**WHAT TO DO**.
Line by line, restate the material word for word, omitting any image.

● ● ● ● ● ● ●

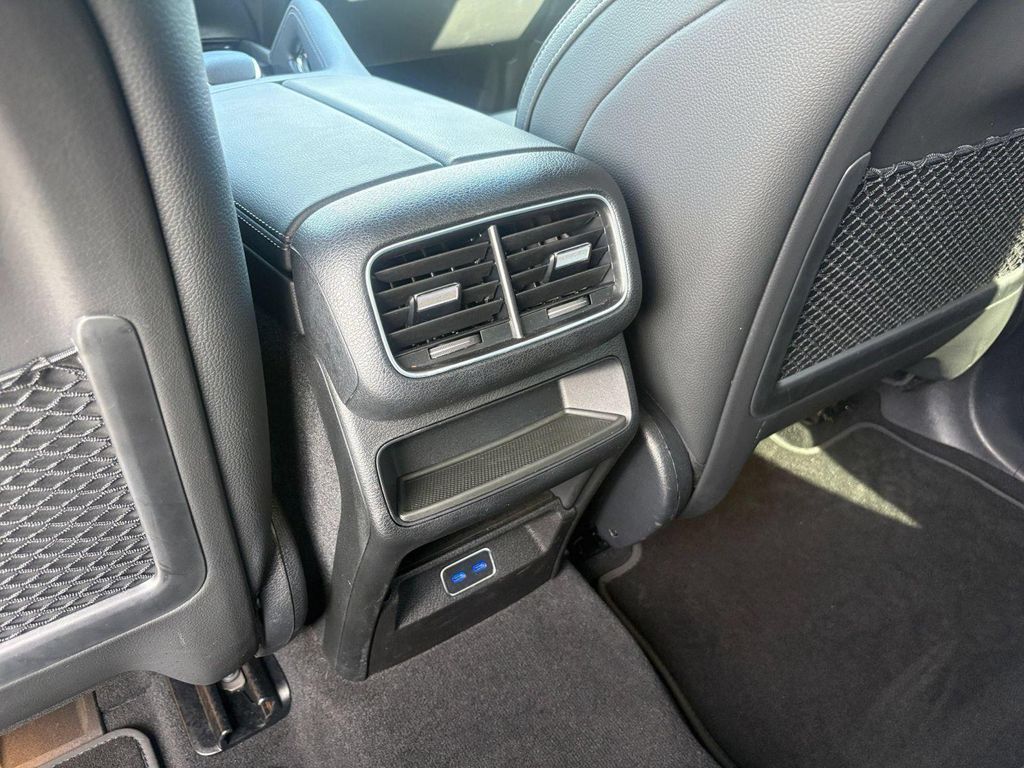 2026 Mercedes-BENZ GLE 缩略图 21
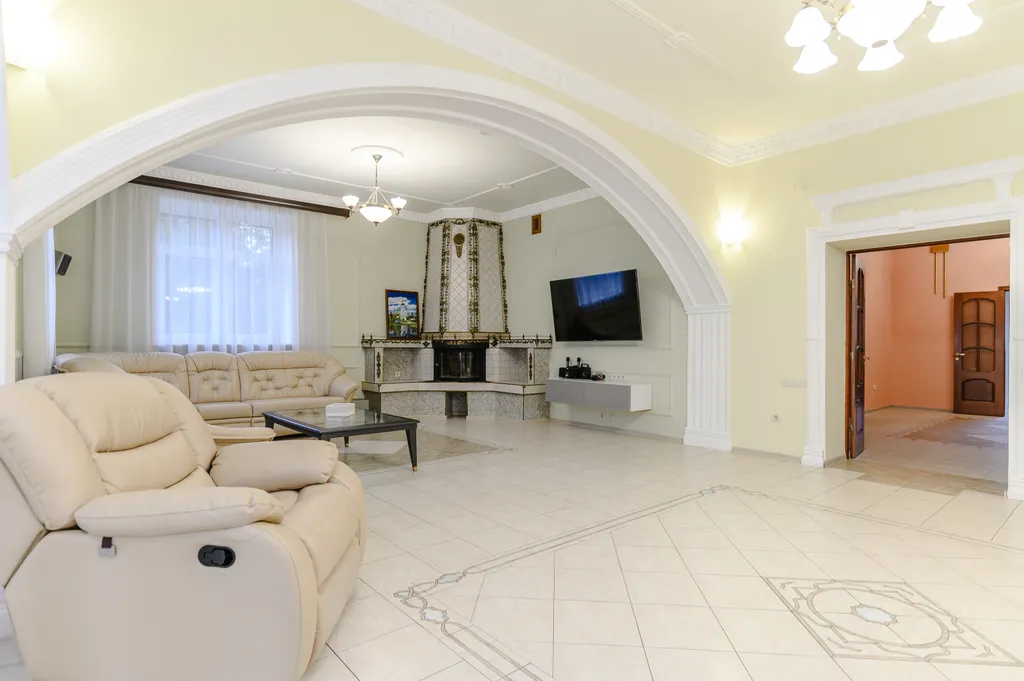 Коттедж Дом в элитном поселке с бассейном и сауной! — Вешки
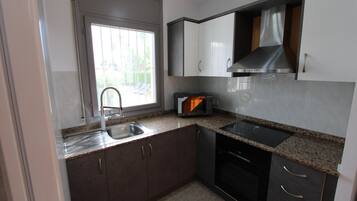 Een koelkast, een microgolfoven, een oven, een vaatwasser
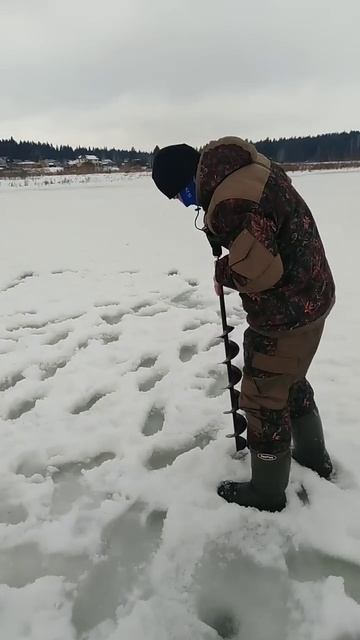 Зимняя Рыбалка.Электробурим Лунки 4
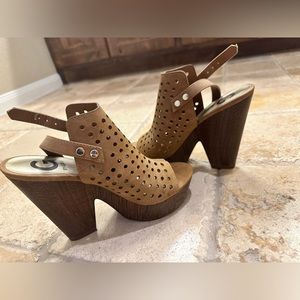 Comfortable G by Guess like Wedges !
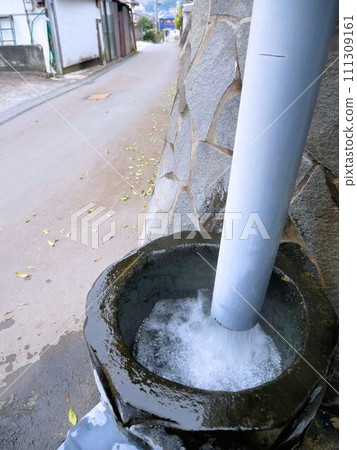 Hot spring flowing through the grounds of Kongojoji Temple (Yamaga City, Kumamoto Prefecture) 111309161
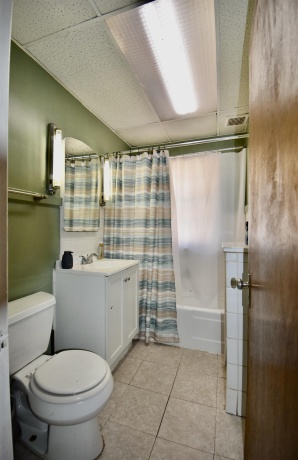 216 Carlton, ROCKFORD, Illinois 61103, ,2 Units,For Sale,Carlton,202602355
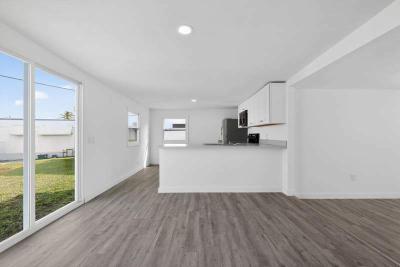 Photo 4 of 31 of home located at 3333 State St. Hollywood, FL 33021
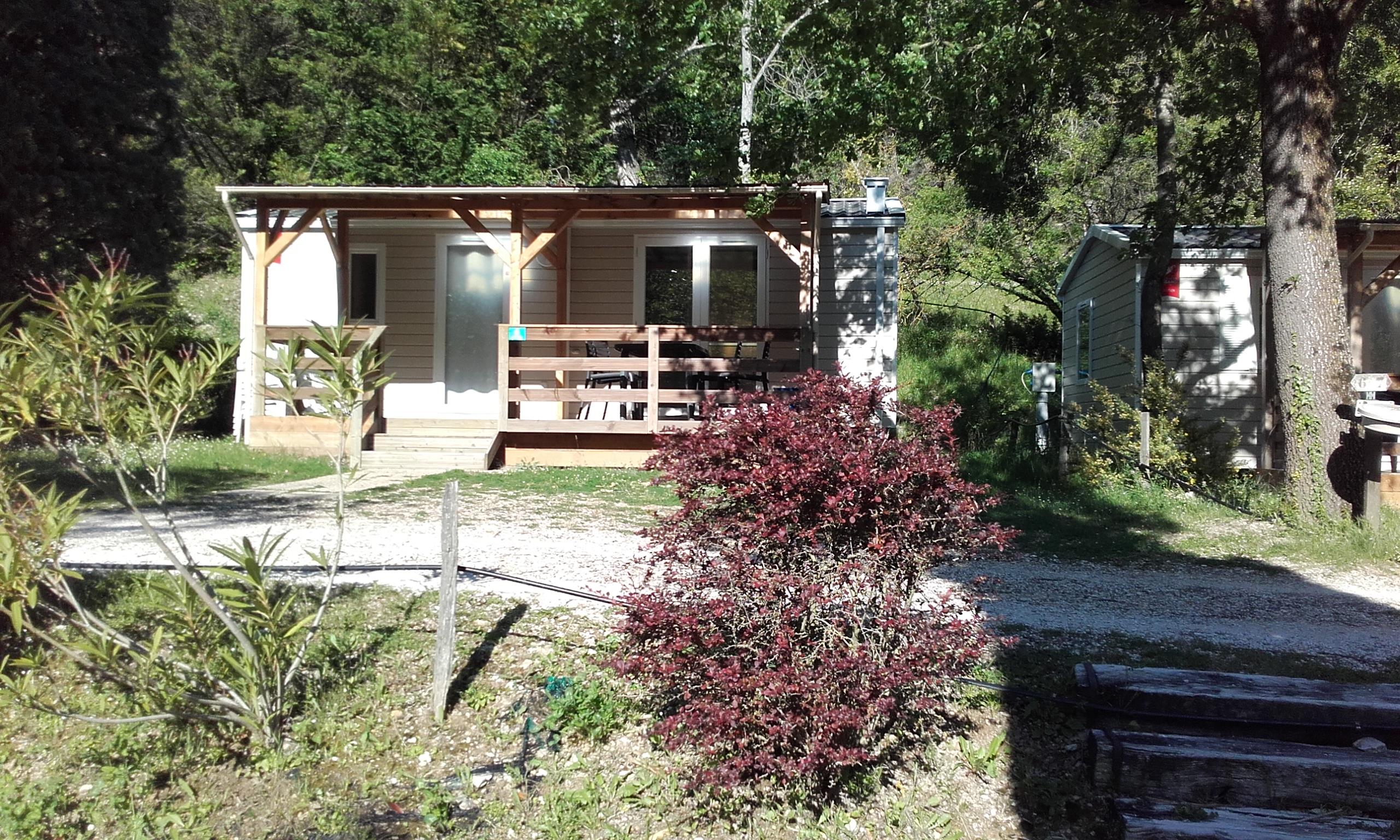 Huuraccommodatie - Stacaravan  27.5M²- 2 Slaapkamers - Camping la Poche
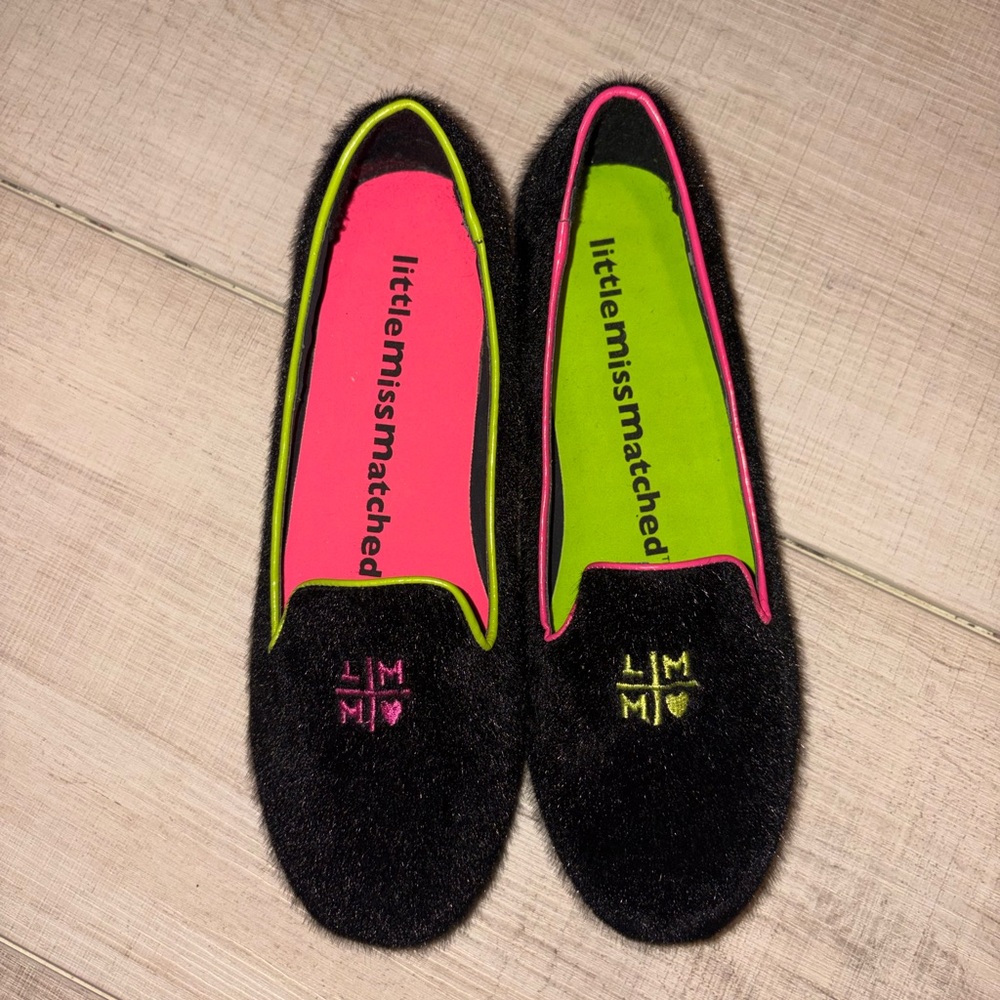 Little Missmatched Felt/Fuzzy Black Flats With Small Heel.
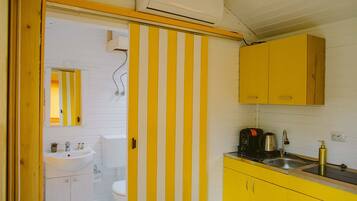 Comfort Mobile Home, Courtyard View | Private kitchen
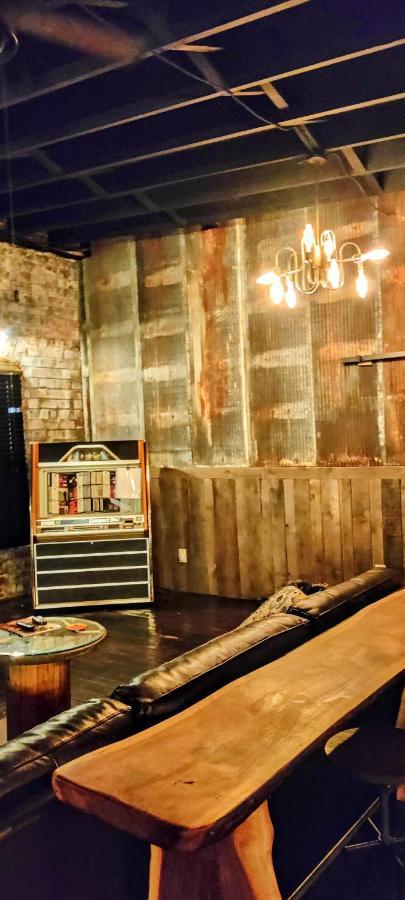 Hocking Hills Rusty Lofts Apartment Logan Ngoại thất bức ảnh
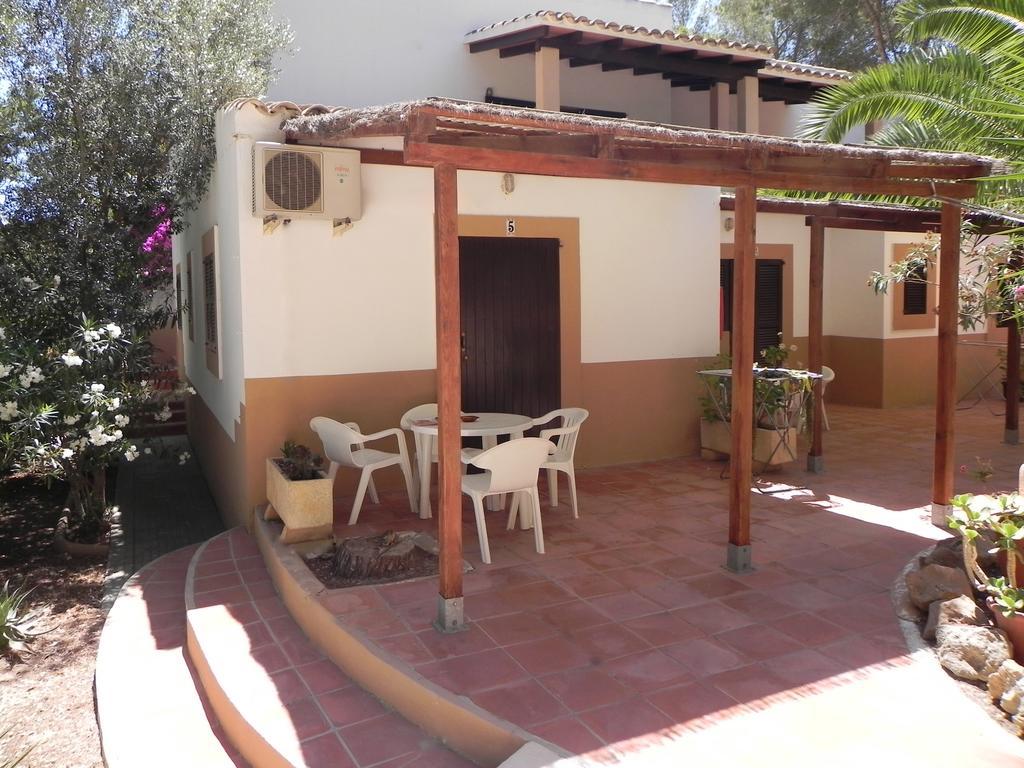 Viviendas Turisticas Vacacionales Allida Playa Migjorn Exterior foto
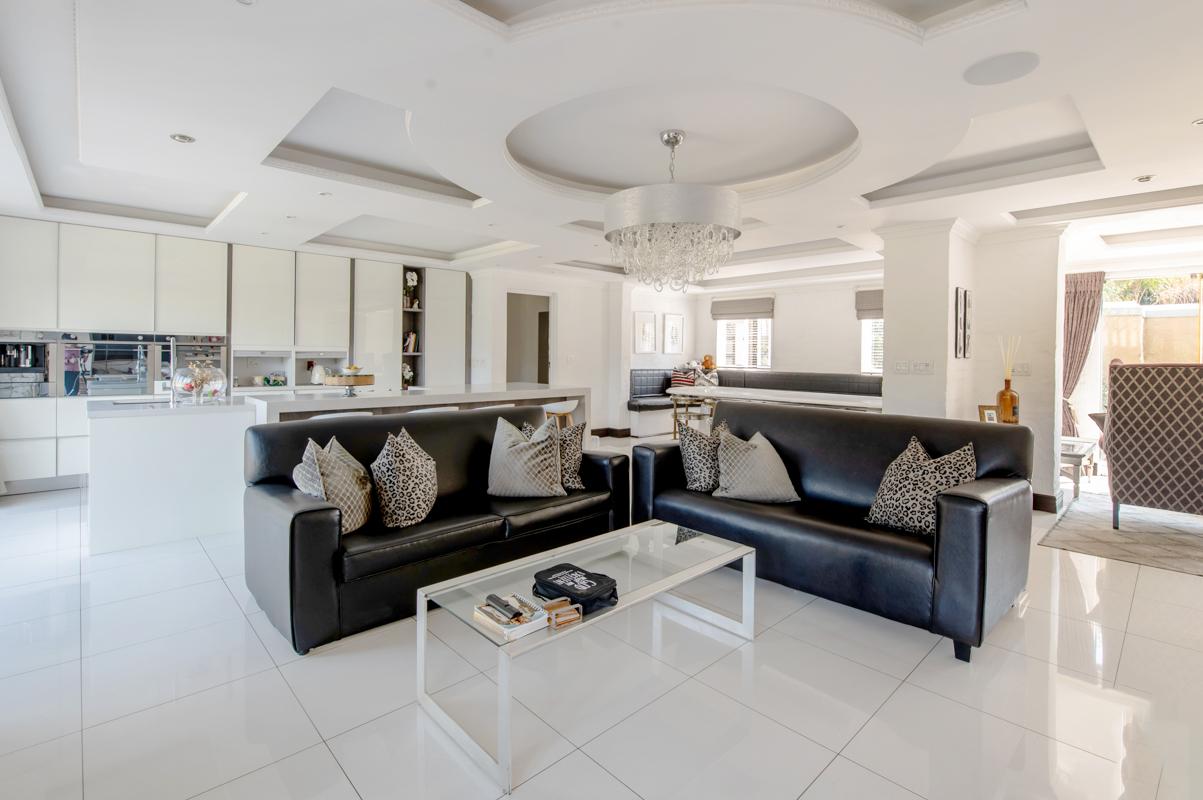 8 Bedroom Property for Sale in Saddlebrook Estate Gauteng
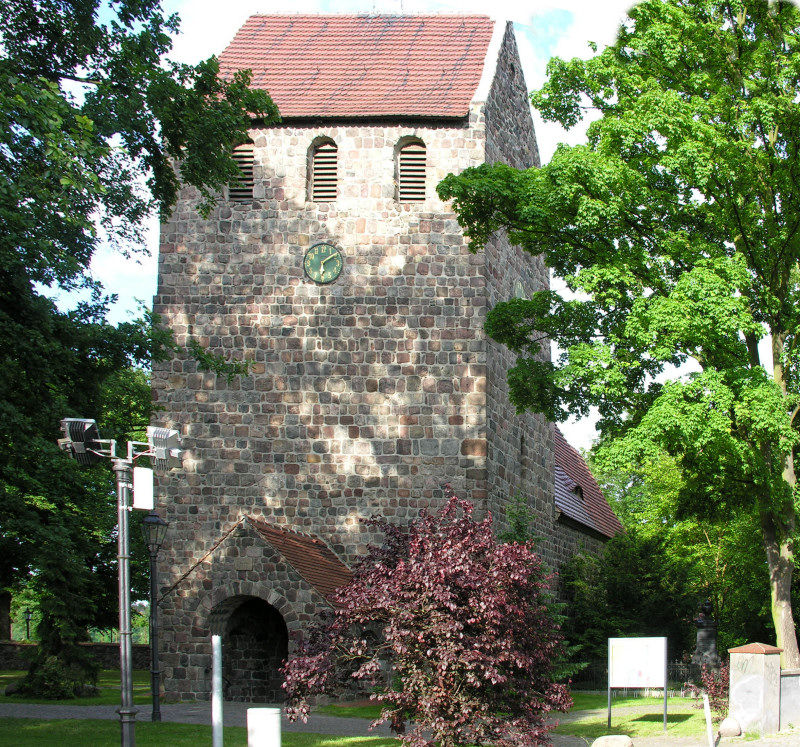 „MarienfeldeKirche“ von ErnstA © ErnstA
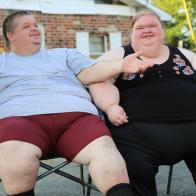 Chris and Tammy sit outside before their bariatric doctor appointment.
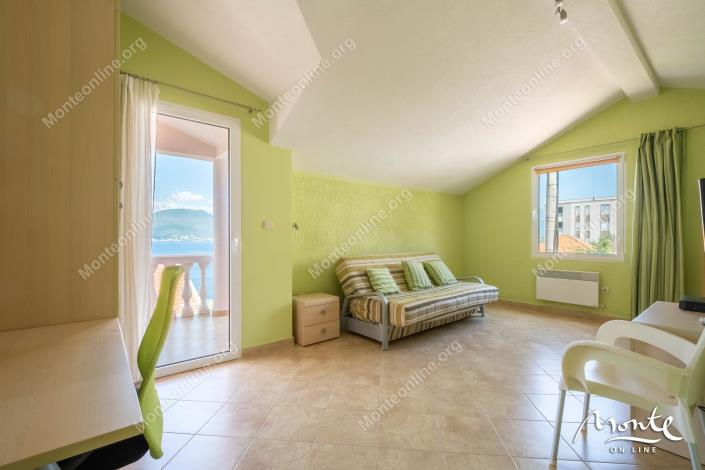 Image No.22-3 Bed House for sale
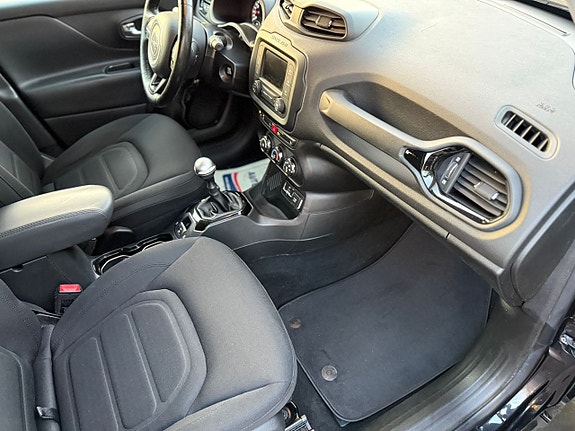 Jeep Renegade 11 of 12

● ● ● ● ● ● ●

**SOLUTION FOR THIS TASK**.
 2026 Mercedes-BENZ GLE 缩略图 21
 Коттедж Дом в элитном поселке с бассейном и сауной! — Вешки
 Een koelkast, een microgolfoven, een oven, een vaatwasser
 Зимняя Рыбалка.Электробурим Лунки 4
 Comfortable G by Guess like Wedges !
 Hot spring flowing through the grounds of Kongojoji Temple (Yamaga City, Kumamoto Prefecture) 111309161
 216 Carlton, ROCKFORD, Illinois 61103, ,2 Units,For Sale,Carlton,202602355
 Photo 4 of 31 of home located at 3333 State St. Hollywood, FL 33021
 Huuraccommodatie - Stacaravan  27.5M²- 2 Slaapkamers - Camping la Poche
 Little Missmatched Felt/Fuzzy Black Flats With Small Heel.
 Comfort Mobile Home, Courtyard View | Private kitchen
 Hocking Hills Rusty Lofts Apartment Logan Ngoại thất bức ảnh
 Viviendas Turisticas Vacacionales Allida Playa Migjorn Exterior foto
 8 Bedroom Property for Sale in Saddlebrook Estate Gauteng
 „MarienfeldeKirche“ von ErnstA © ErnstA
 Chris and Tammy sit outside before their bariatric doctor appointment.
 Image No.22-3 Bed House for sale
 Jeep Renegade 11 of 12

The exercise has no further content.